Ouve-se falar a todo momento sobre um tema polêmico: a corrupção, na qual pela falência de ideais democráticos, chefes políticos utilizam de seu poder para adquirirem benefícios a seu favor. Portanto, no ano de 2013, a população mundial pôde presenciar protestos revolucionários, com a organização e execução de jovens brasileiros em busca de melhor educação no país.
Revoluções ou protestos são originados a partir do momento em que grande parte da população não está satisfeita com atitudes de líderes políticos, conseqüentemente, tais chefes não estão cumprindo seu dever social, de forma que não beneficiam um todo. Grande exemplo disso é o nepotismo – cargos públicos concedido a familiares –, privilegiando apenas parte da população.
Em 1992, ocorreu um grande movimento histórico: Caras pintadas – revolução estudantil que gerou grandes impactos positivos ao Brasil –, onde ocorreu o “impeachment” do então presidente Fernando Collor de Mello, acusado por corrupção.
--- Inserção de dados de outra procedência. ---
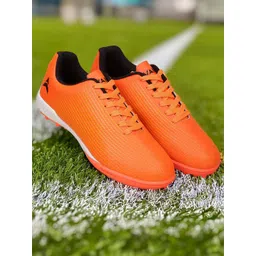 AVANT Men TurfMaster Pro Turf Football Shoes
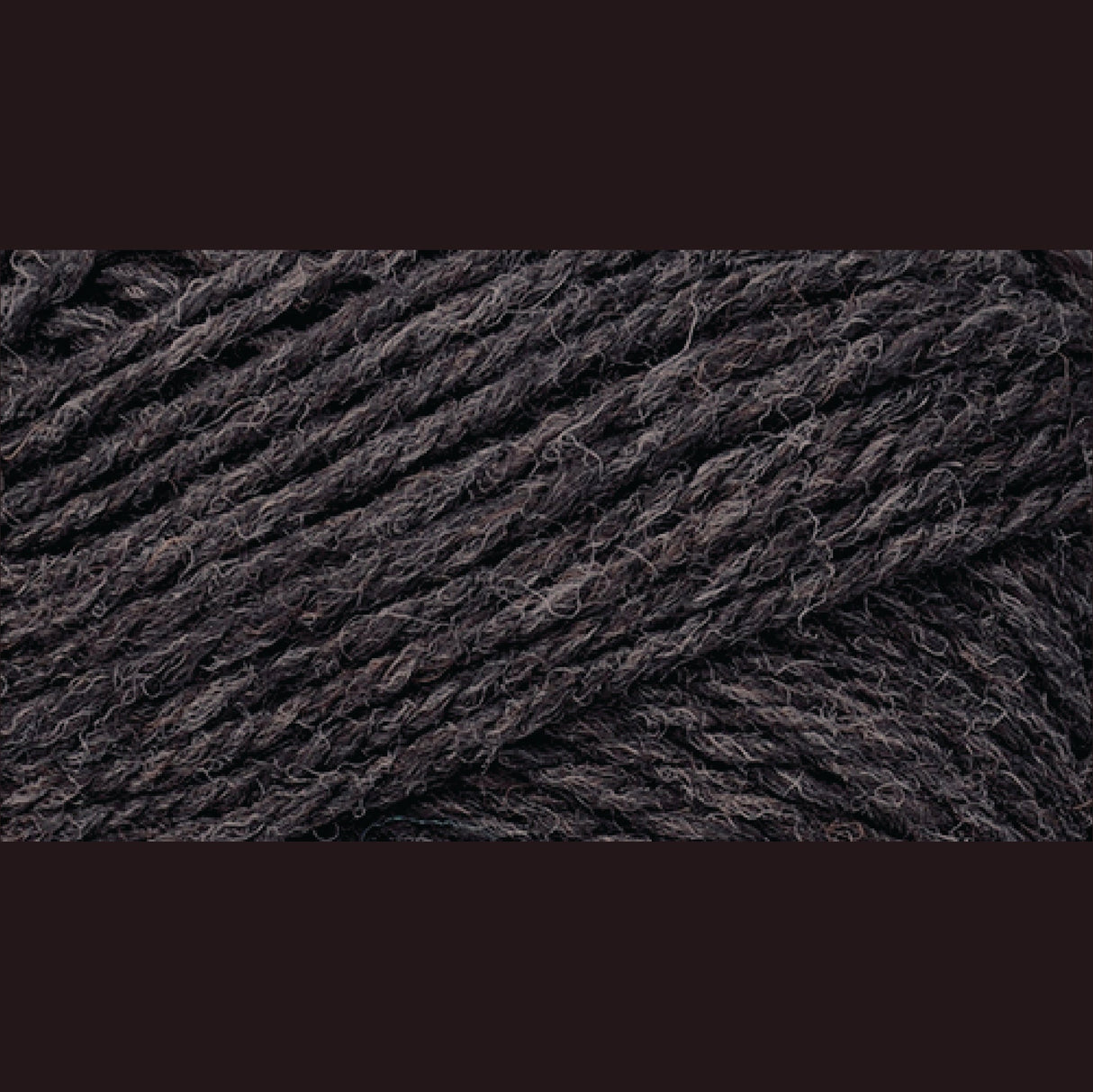 Brown Sheep Nature Spun Fingering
Mais uma vez, é nítida a importância de jovens em movimentos revolucionários, pois esses exercem grande influência social.
Tais movimentos têm gerado preocupações com a violência, pois muitos ao invés de fazerem revoluções pacíficas, presenciam apenas por baderna ou diversão. Isso faz com que policiais tenham que tomar atitudes drásticas para a contenção de pessoas irresponsáveis, incongruentemente, fazendo com que esses movimentos levem fama de errados.
Diante de tais evidências, percebe-se que esses movimentos são de extrema importância, desde que seja de modo pacífico. Entretanto, é fundamental a compreensão governamental, no sentido que são necessárias mudanças em vários setores, tais como educação e saúde. Além disso, é ponderoso também, a conscientização feita por ONGs de que essas manifestações devem ser pacíficas, para que possam se tornarem eficácias.